A 78.0 kg diver steps off a diving board and drops straight down into the water. The net force when in the water is an upward 1020 N. If the diver comes to rest 4.2 m below the water's surface, what is the total distance between the diving board and the diver's stopping point underwater?
2007-12-17 01:44:07 · 1 answers · asked by Anonymous in Science & Mathematics ➔ Physics
When she steps off the diving board, the diver accelerates from zero up to a speed "v", and then hits the water.
At that point, she decelerates from "v" back down to zero again, in the space of 4.2 meters.

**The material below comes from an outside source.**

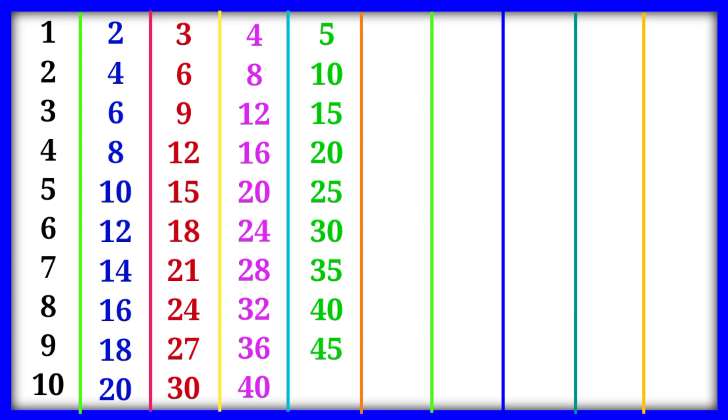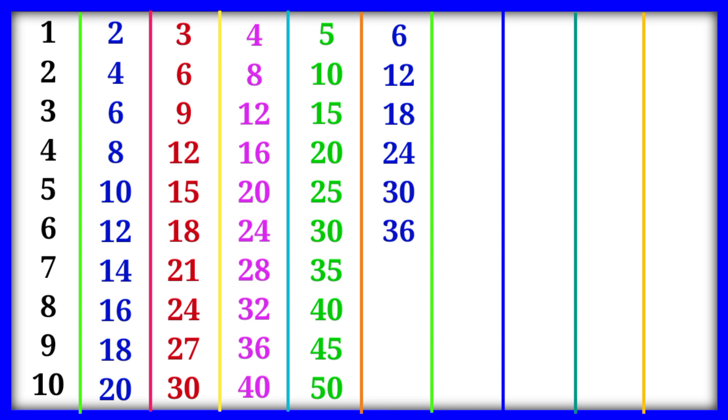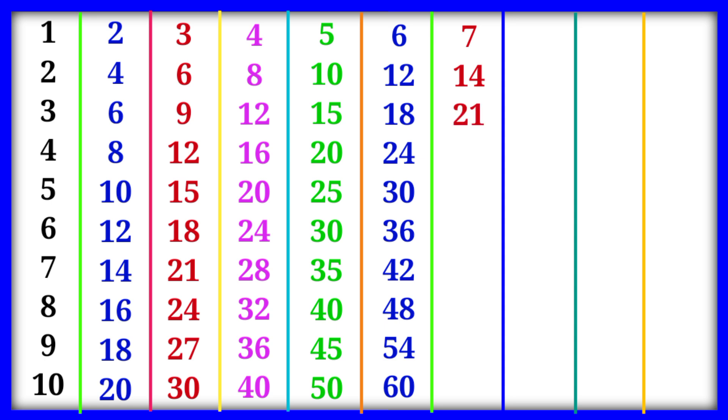6×1=6, 6×2=12, 6×3=18, 6×4=24, 6×5=30, 6×6=36, 6×7=42, 6×8=48, 6×9=54, 6×10=60. 7×1=7, 7×2=14, 7×3=21, 7×4=28, 7×5=35, 7×6=42, 7×7=49.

We know that her acceleration (deceleration) in the water is:
a = F/m = 1020N / 78.0 kg = 13.07 m/s²
From that (and knowing that the distance "d" is 4.2 m) you can figure out her speed at the water's surface, using this formula:
v = sqrt(a·d)
= sqrt(13.07 m/s² · 4.2m)
= 7.4 m/s
Next, now that you know her speed when hitting the water, you can figure out how high the diving board is, using this formula (it's basically the same as the other formula, but uses "g" instead of "a"; and "h" instead of "d"):
h = v²/(2g)
Finally, the answer is h+d.
2007-12-17 02:02:15 · answer #1 · answered by RickB 7 · 0⤊ 0⤋